Supplied records:
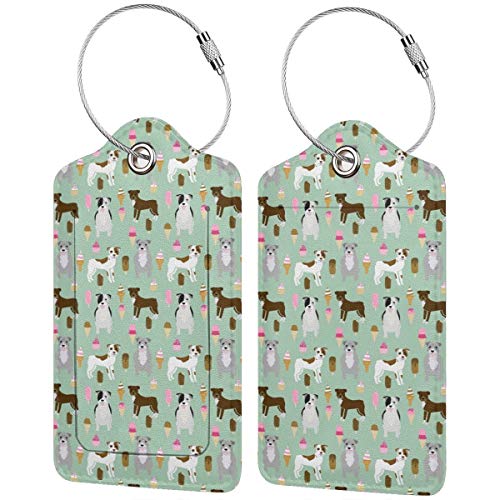 Pitbull Ice Cream Pet Dogs Custom Leather Luxury Maleta Tag Set Travel Accessories Etiquetas de equipaje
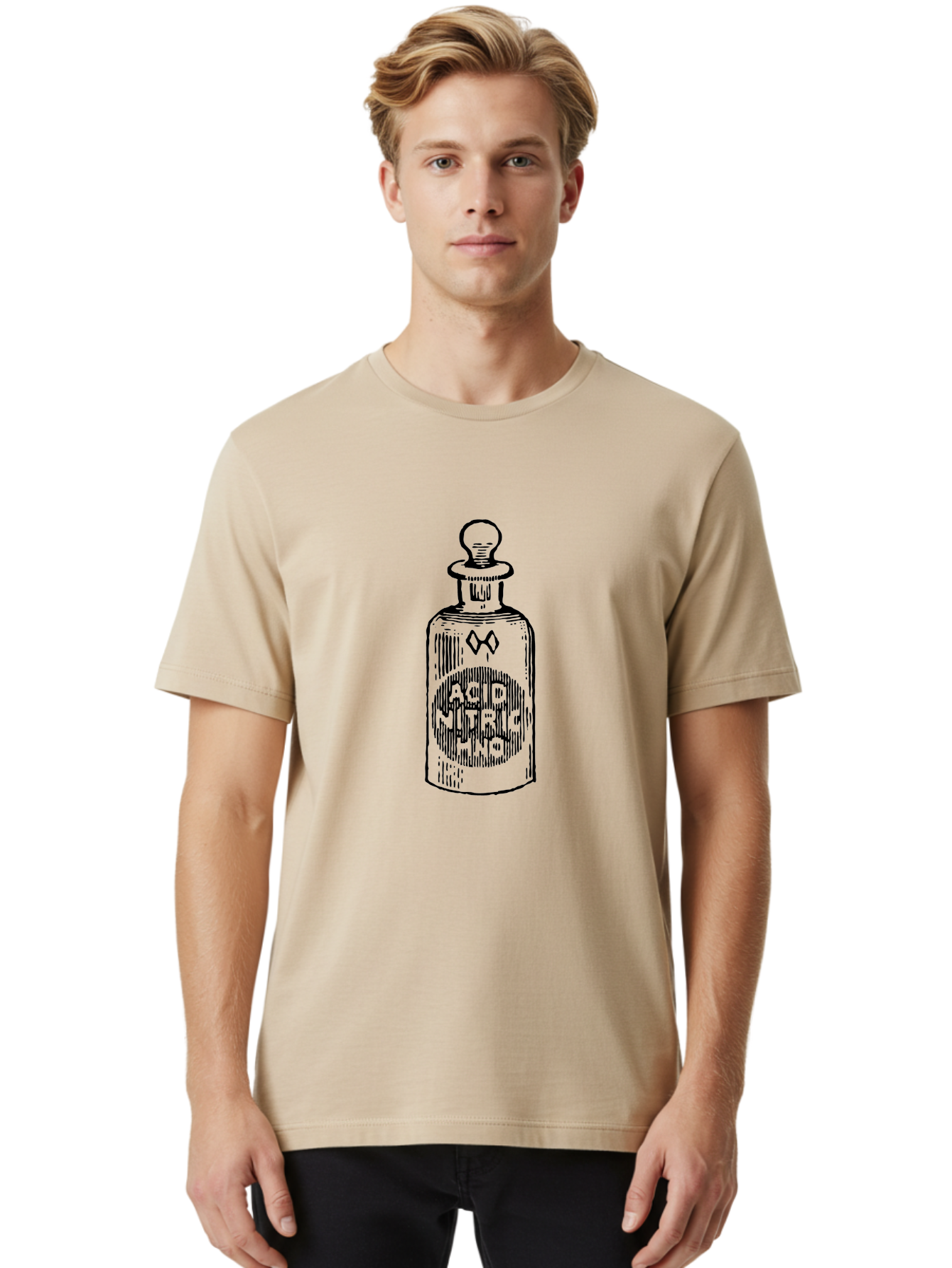 Acid-Nitricum Men'S Graphic Tee, 100% Cotton, Comfortable Casual Summer Wear, Machine Washable, Nitric Acid Bottle, Laboratory Equipment, Chemical Container, Vintage Illustration, Apothecary Jar, Scientific Symbol Aad578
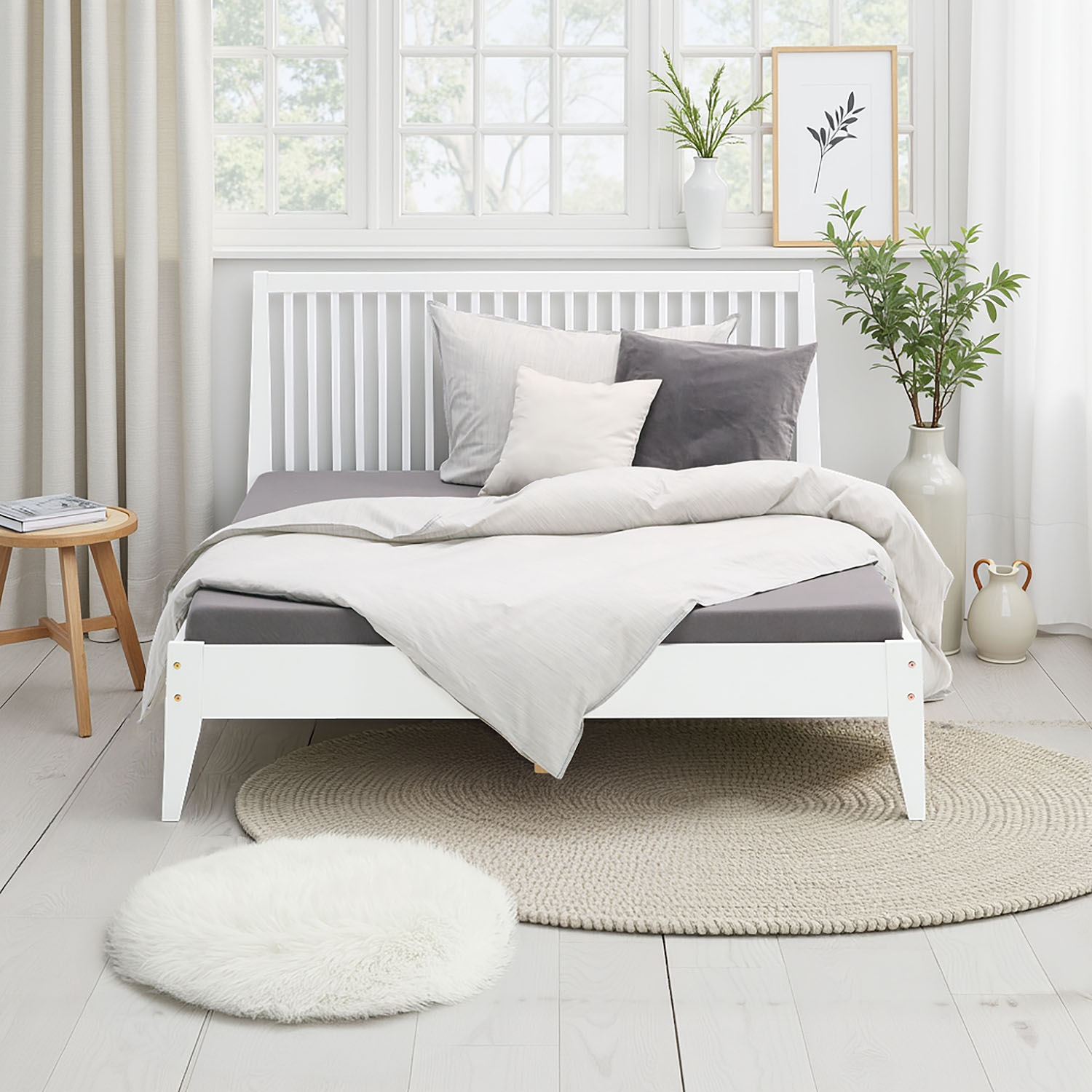 Wood Bed 140x200 cm White | Double Bed | with Slatted Frame | Scandinavian Style | Kids Youth Guest Bedroom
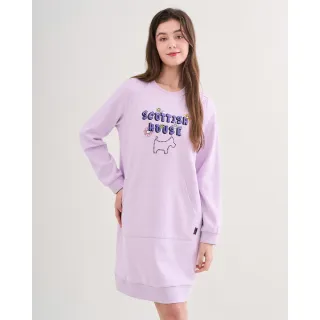 【SCOTTISH HOUSE】繡花長袖長版T-紫/丈青 CIVA1215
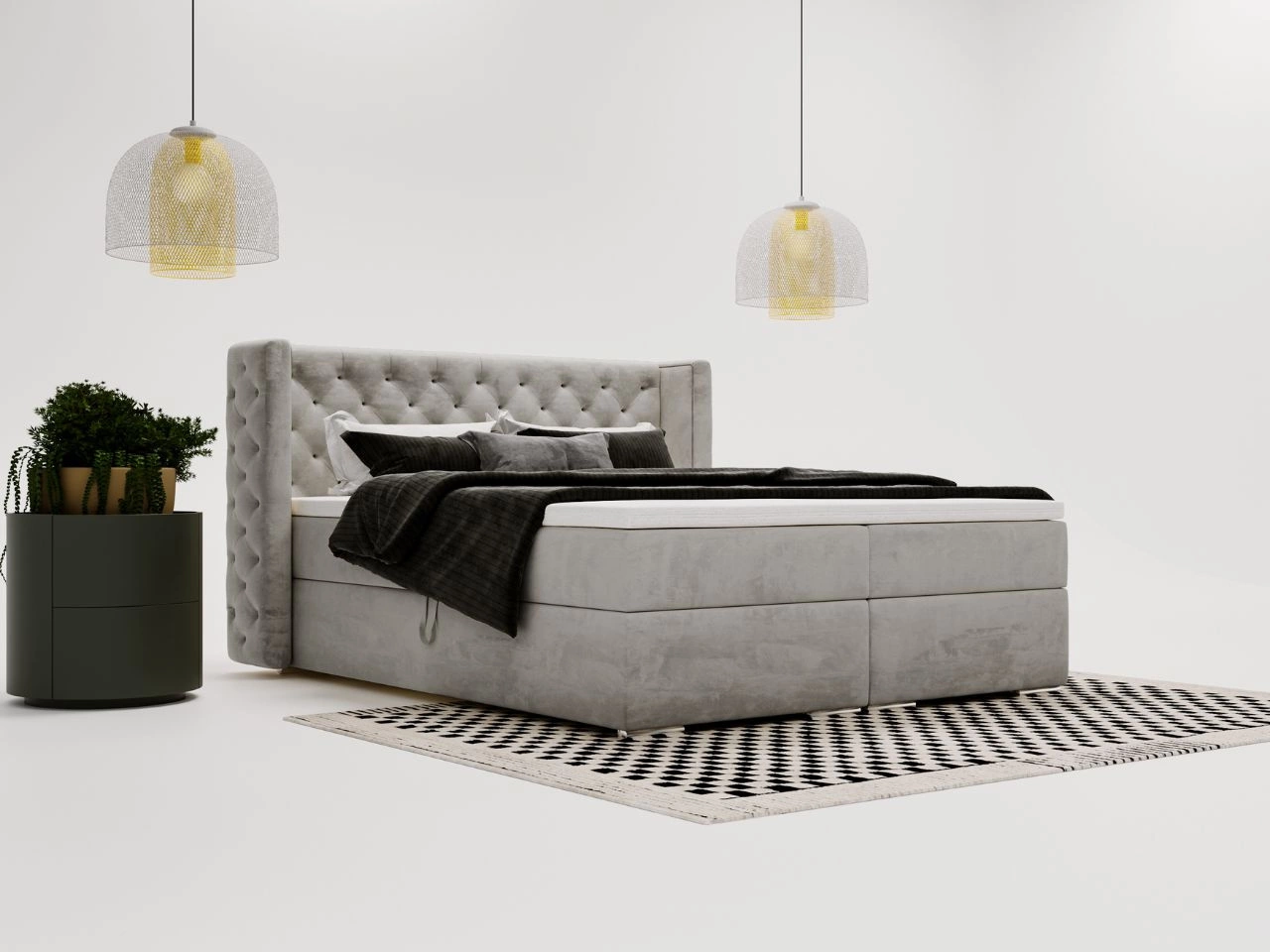 Łóżko kontynentalne z pojemnikiem na pościel 120x200 cm Lion Szare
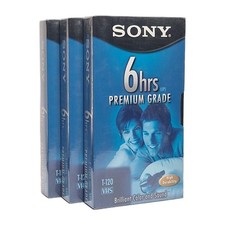 Sony T120VRH Premium Grade VHS Video Tapes 3 NEW Factory Sealed Fast Shipping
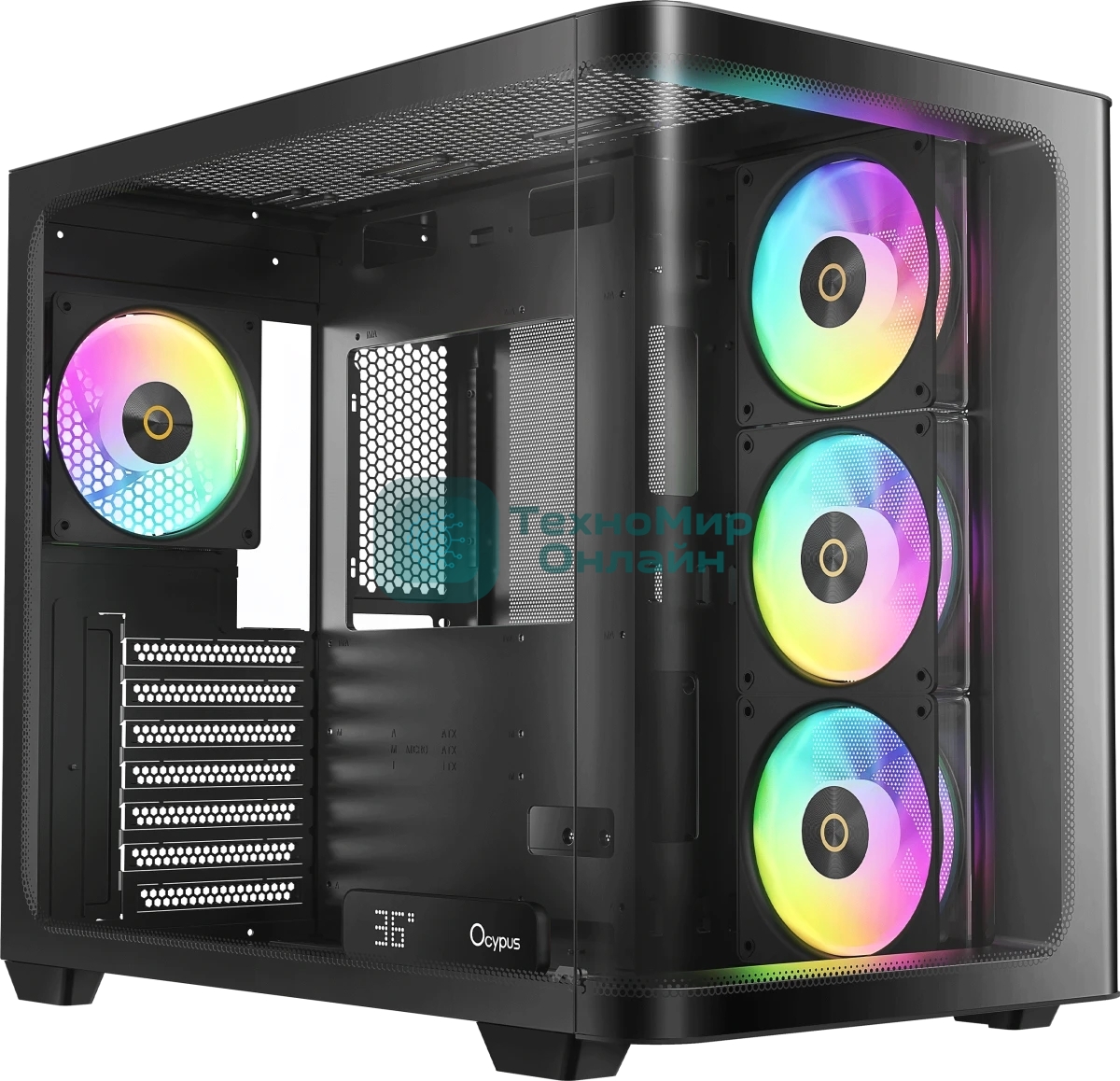 Компьютерный корпус Ocypus Iota C70 BK Curve ARGB Digital (Iota-C70-BKD400CD-GL)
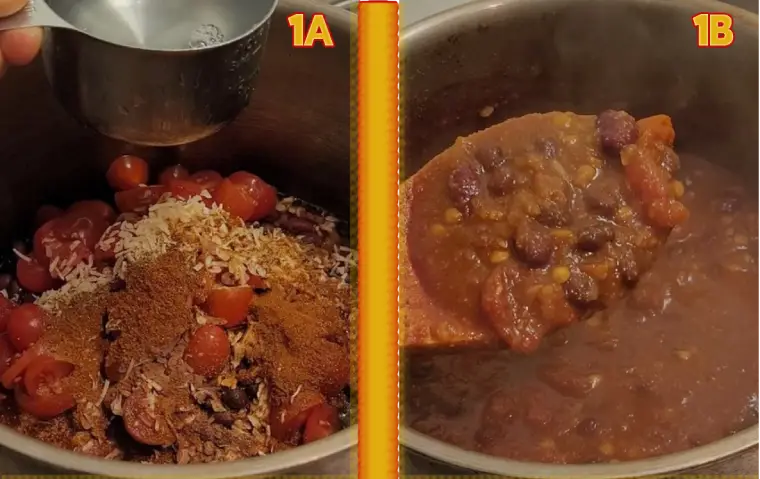 Making Lentil Chili adding ingredients on the left and stirring on the right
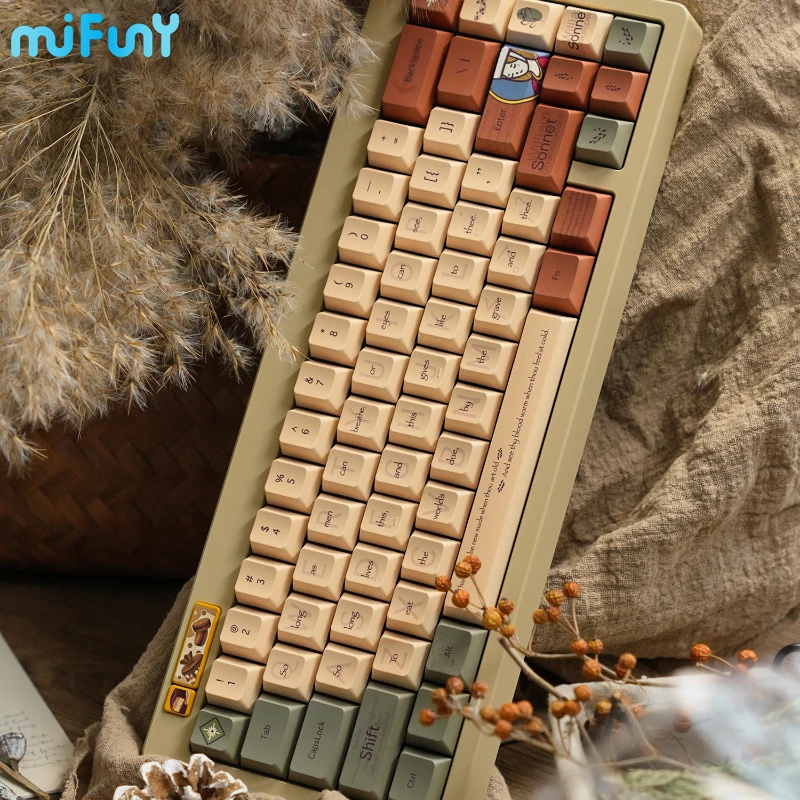 MiFuny 143 Keys Sonnets Keycaps Vintage Chinese Style Key Caps PBT Dye Sublimation for 61/68/75/87/98 Keyboard Accessories Gift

Problem: Please retype the lines from the one that contains "Making Lentil Chili" to the final line of the records, both included, exactly as written and without any pictures.

Task solution:
 Making Lentil Chili adding ingredients on the left and stirring on the right
 MiFuny 143 Keys Sonnets Keycaps Vintage Chinese Style Key Caps PBT Dye Sublimation for 61/68/75/87/98 Keyboard Accessories Gift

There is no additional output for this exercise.